This article presents European Union (EU) statistics on international migration, population stocks of national and foreign (non-national) citizens and data relating to the acquisition of citizenship.
Migration is influenced by a combination of economic, political and social factors: either in a migrant’s country of origin (push factors) or in the country of destination (pull factors). Historically, the relative economic prosperity and political stability of the EU are thought to have exerted a considerable pull effect on immigrants.
In destination countries, international migration may be used as a tool to solve specific labour market shortages. However, migration alone will almost certainly not reverse the ongoing trend of population ageing experienced in many parts of the EU.
A total of 3.4 million people immigrated to one of the EU-28 Member States during 2013, while at least 2.8 million emigrants were reported to have left an EU Member State. These total figures do not represent the migration flows to/from the EU as a whole, since they also include flows between different EU Member States.
Among these 3.4 million immigrants during 2013 there were an estimated 1.4 million citizens of non-member countries, 1.2 million people with citizenship of a different EU Member State from the one to which they immigrated, around 830 thousand people who migrated to an EU Member State of which they had the citizenship (for example returning nationals or nationals born abroad), and around 6.1 thousand stateless people.
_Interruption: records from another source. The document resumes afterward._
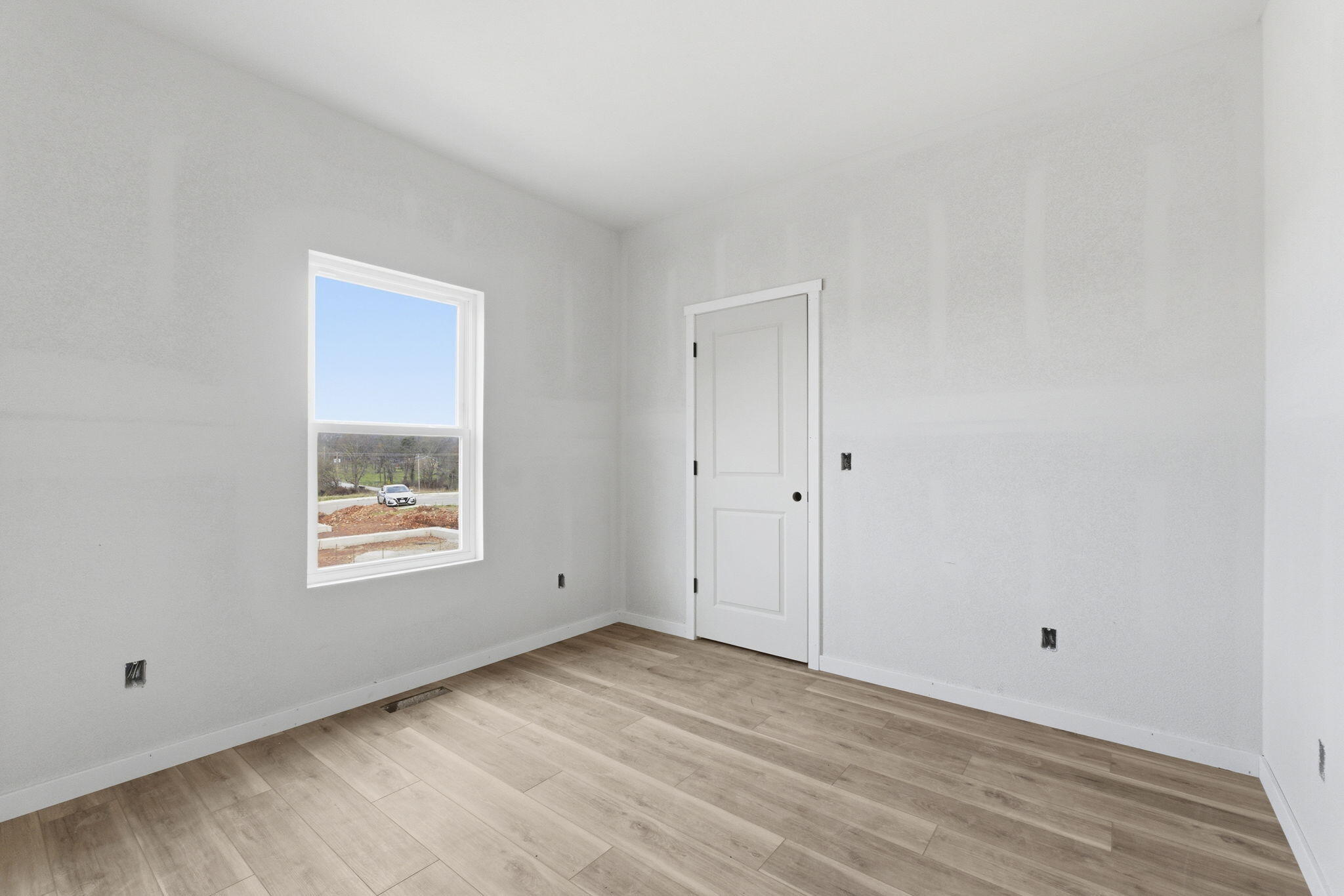 136 East Kelce Lane Property Photo 22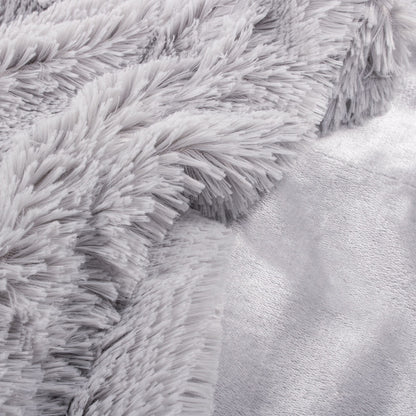 Antklodė  HA7057 200 x 220 cm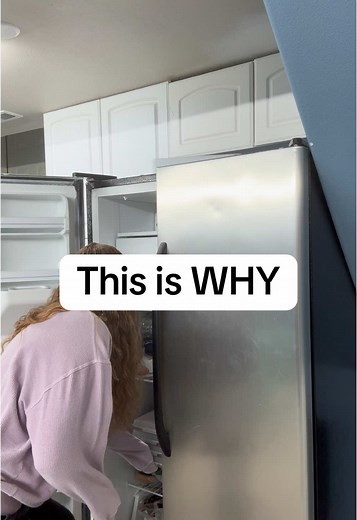 Why I Use a Freeze Dryer for Food Storage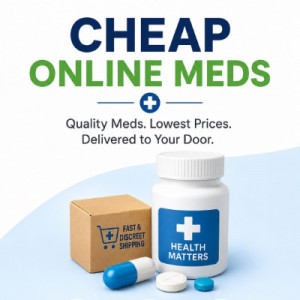 Buy Oxycodone Online Smart Guide to Drugs & Wellness Today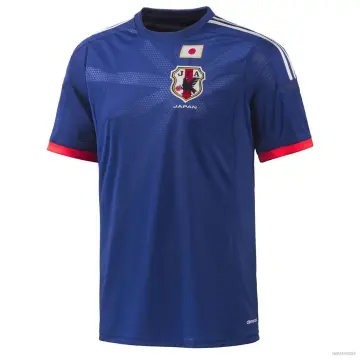 Japan Anime Soccer Jersey Soccer Jersey Soccer Training Agility Set - China Soccer  Jersey and Soccer Wear price | Made-in-China.com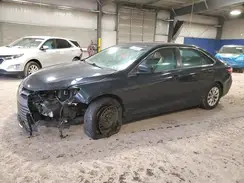 4T1BF1FK9HU273959 2017 TOYOTA CAMRY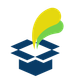 Thriftmaster Global Biosciences icon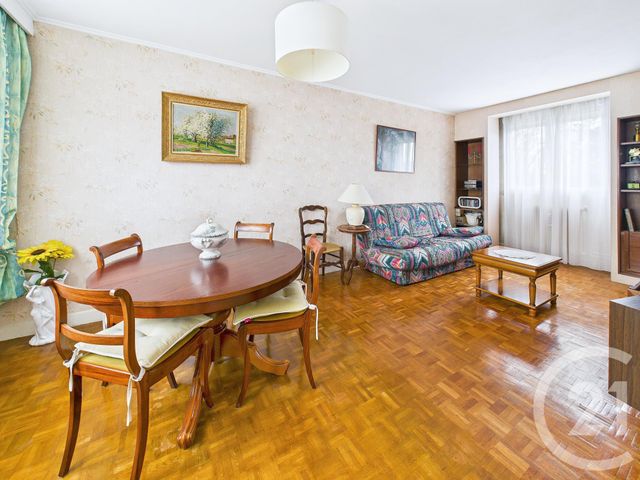 maison à vendre - 4 pièces - 68.87 m2 - EPINAY SUR ORGE - 91 - ILE-DE-FRANCE - Century 21 Agence Prévost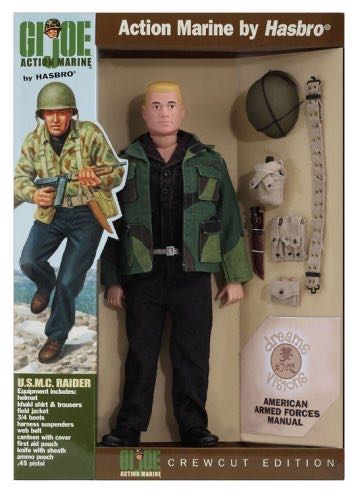 Tamashii Nations Bandai S.h. Figuarts Marvel’s Spiderman Spider-man Anti-ock Suit Shf Fiure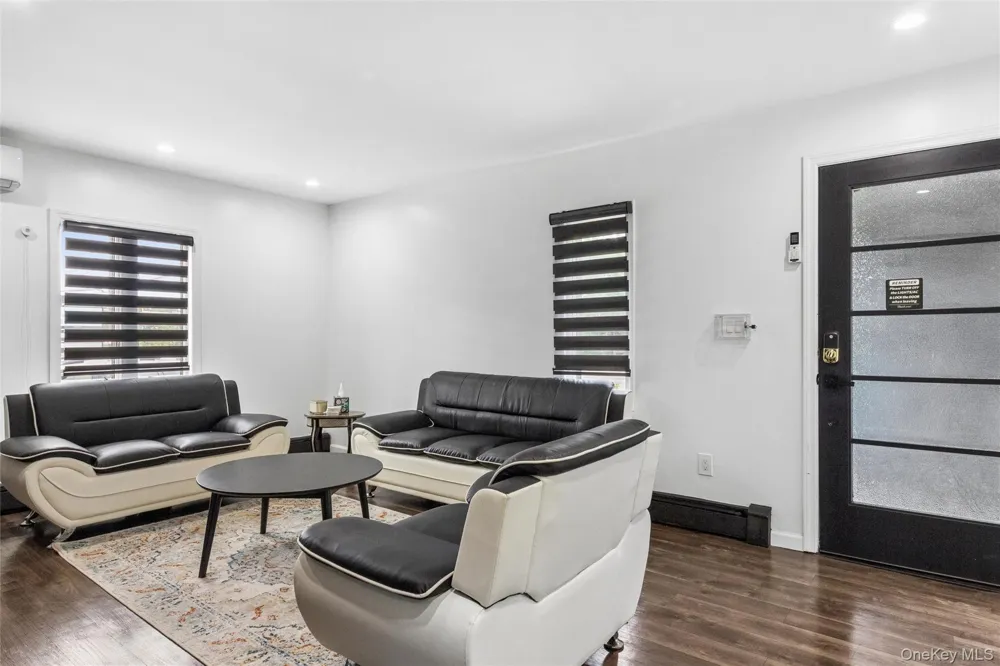 301 Merrick Avenue East Meadow, NY 11554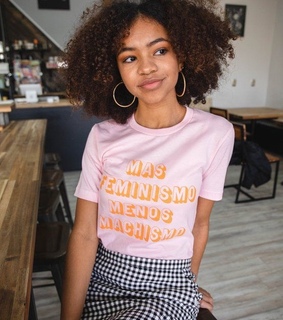 pose, coffee shop and photography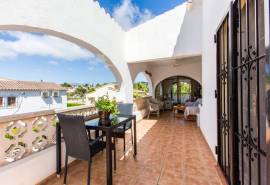 listing listing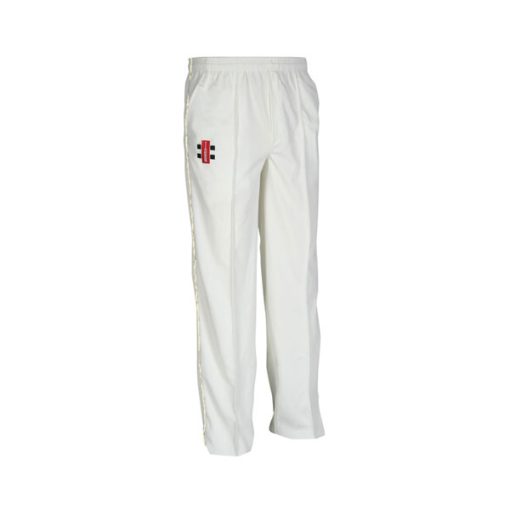 Gray-Nicolls-Matrix-trousers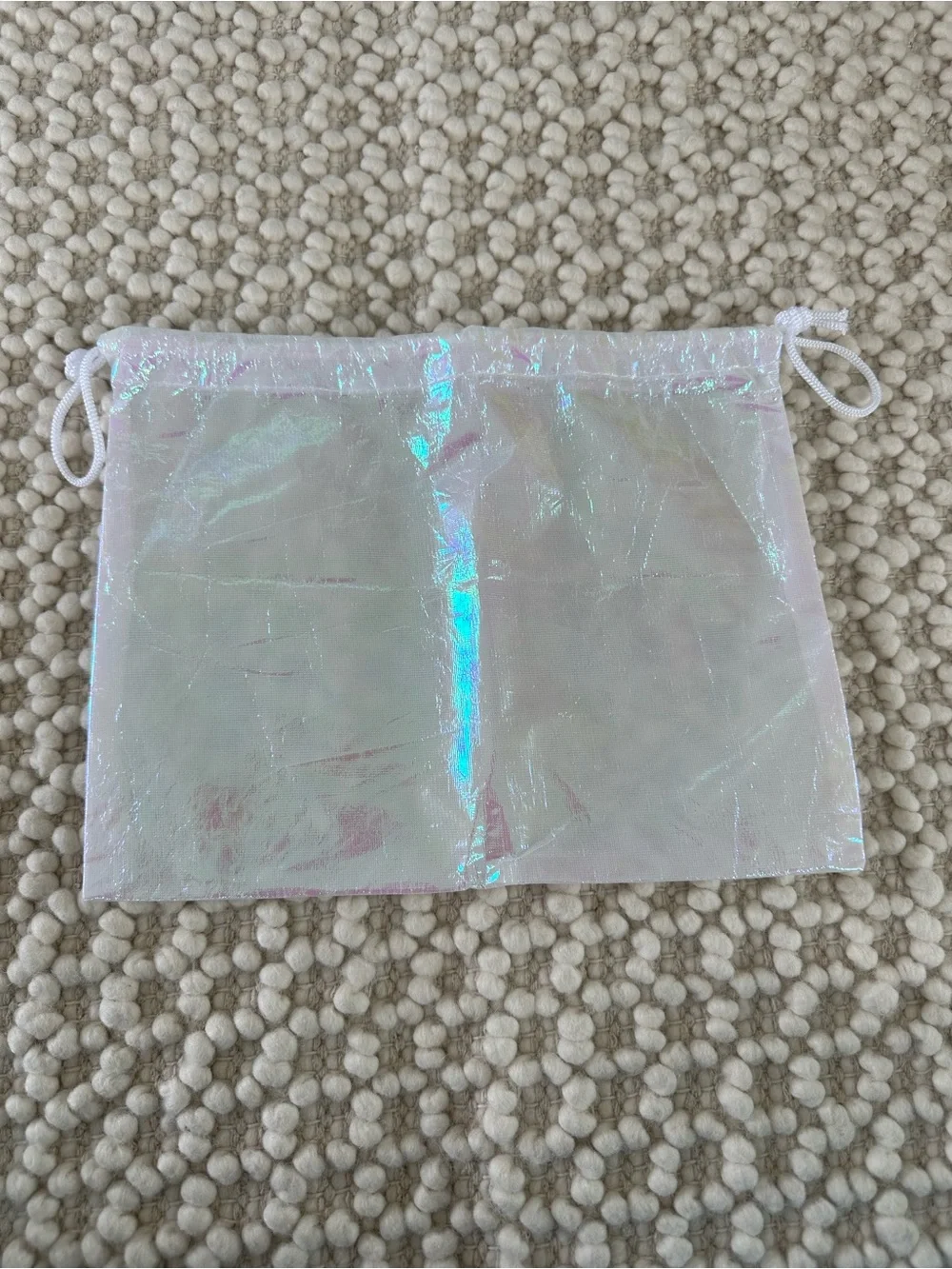 Stoney Clover Lane Dustbag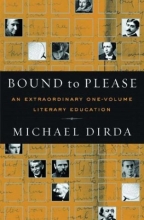 Cover art for Bound to Please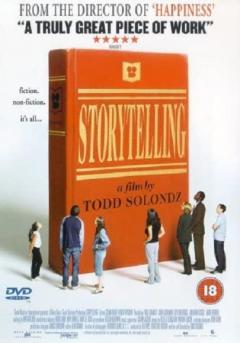 Storytelling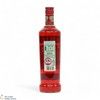 Smirnoff - Cherry Drop Flavoured Vodka Thumbnail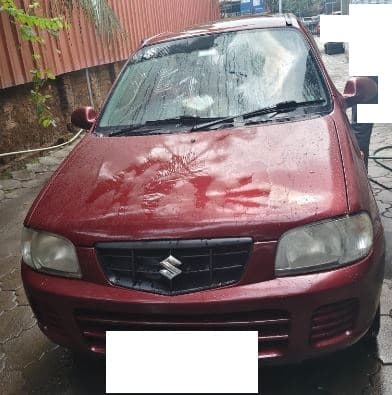 maruti-suzuki-alto-2011-w7o04qqesj4ncgbbb861qjjb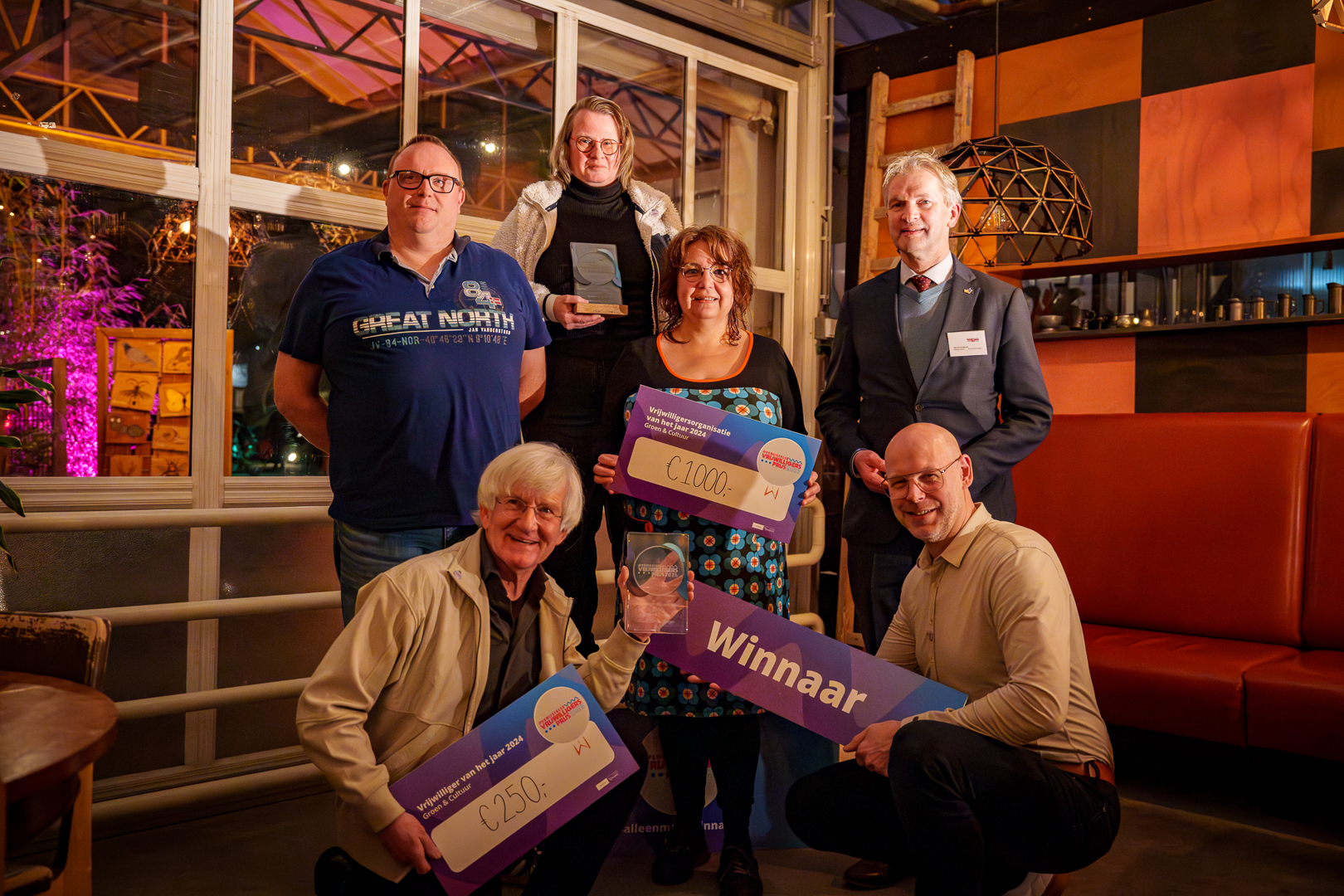 475511695_122132335820561606_2373112462252289670_n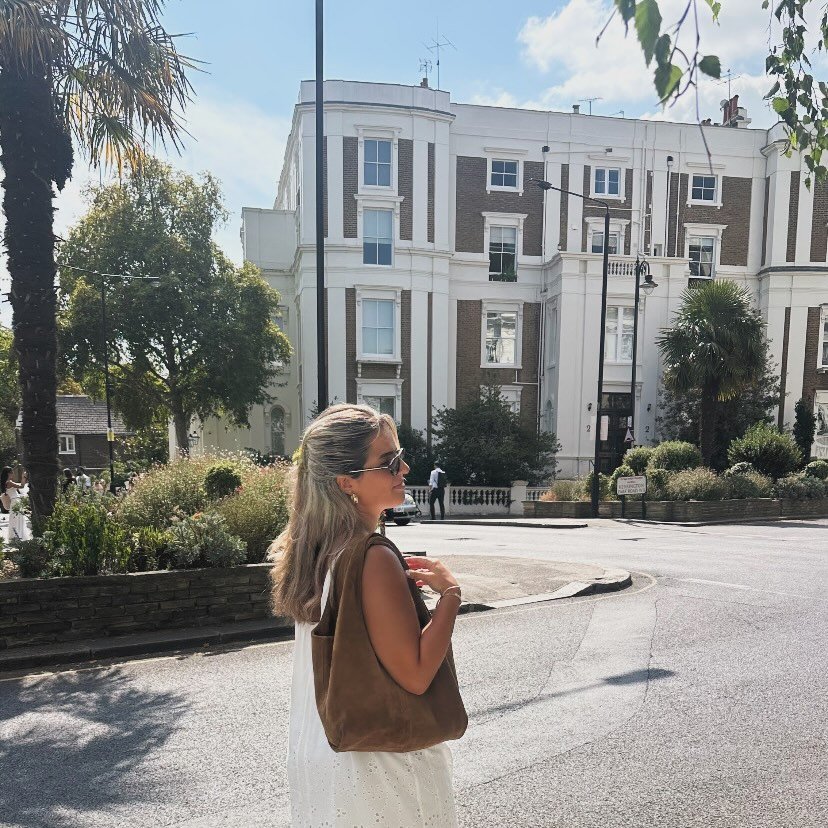 Instagram Profilbild von helin.aktr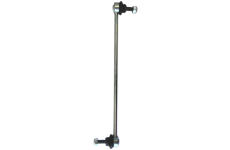 Tyč/vzpěra, stabilizátor MOTAQUIP VSL993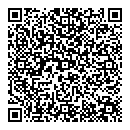 QR код "Колос"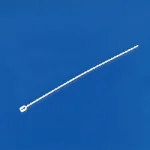 取付具ナイロン製 100本1組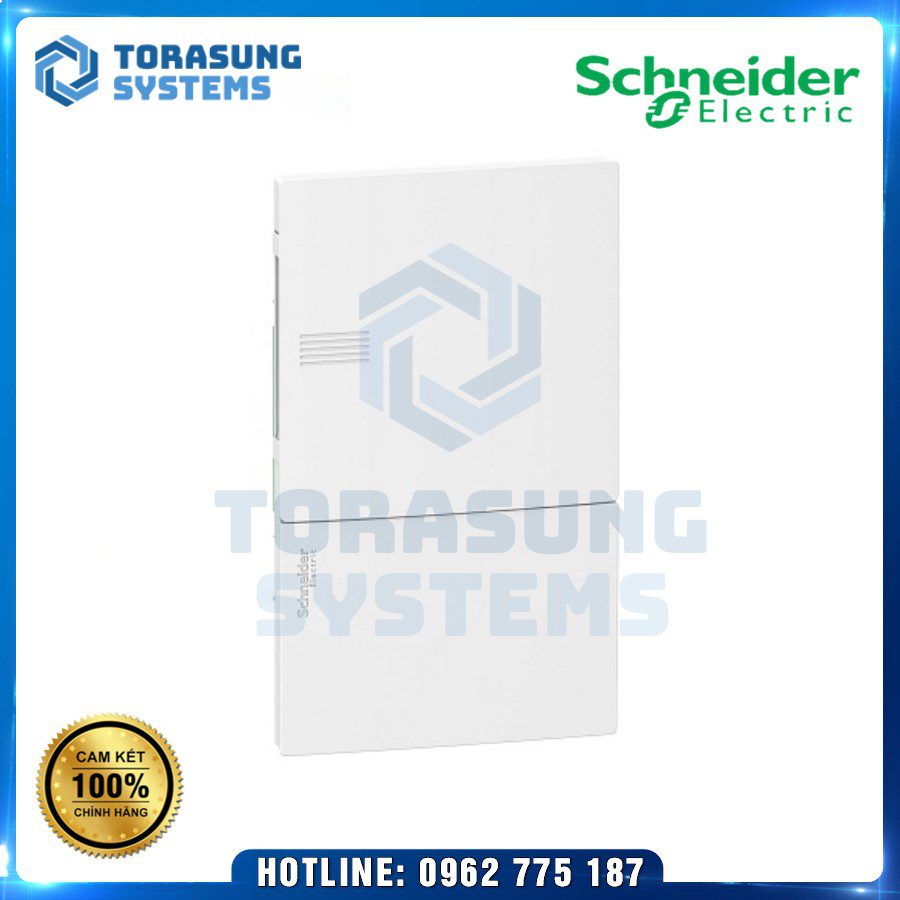 MIP22104; MIP22104T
Germany reported the largest number of immigrants (692.7 thousand) in 2013, followed by the United Kingdom (526.0 thousand), France (332.6 thousand), Italy (307.5 thousand) and Spain (280.8 thousand). Spain reported the highest number of emigrants in 2013 (532.3 thousand), followed by the United Kingdom (316.9 thousand), France (300.8 thousand), Poland (276.4 thousand) and Germany (259.3 thousand). A total of 16 of the EU Member States reported more immigration than emigration in 2013, but in Bulgaria, Ireland, Greece, Spain, Croatia, Cyprus, Poland, Portugal, Romania and the three Baltic Member States, emigrants outnumbered immigrants.